Your answer should hold exactly the lines below from the line with "Nature morte avec" through the line with "New Air NPT-070-PI", both included, and no pictures at all.
----- Provided data -----
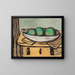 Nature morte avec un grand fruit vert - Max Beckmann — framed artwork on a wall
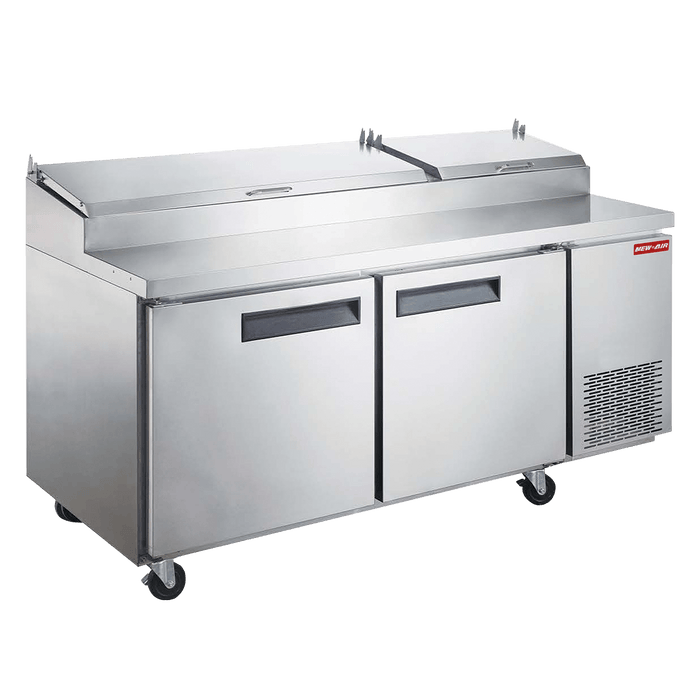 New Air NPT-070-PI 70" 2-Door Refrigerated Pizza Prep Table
-----
----- Provided data -----
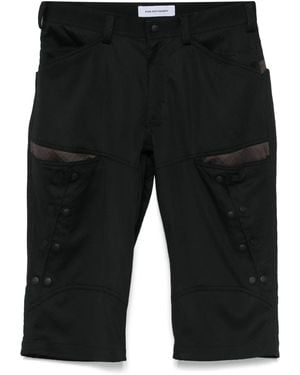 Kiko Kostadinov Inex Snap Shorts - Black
-----
◆ **Answer section**
 Nature morte avec un grand fruit vert - Max Beckmann — framed artwork on a wall
 New Air NPT-070-PI 70" 2-Door Refrigerated Pizza Prep Table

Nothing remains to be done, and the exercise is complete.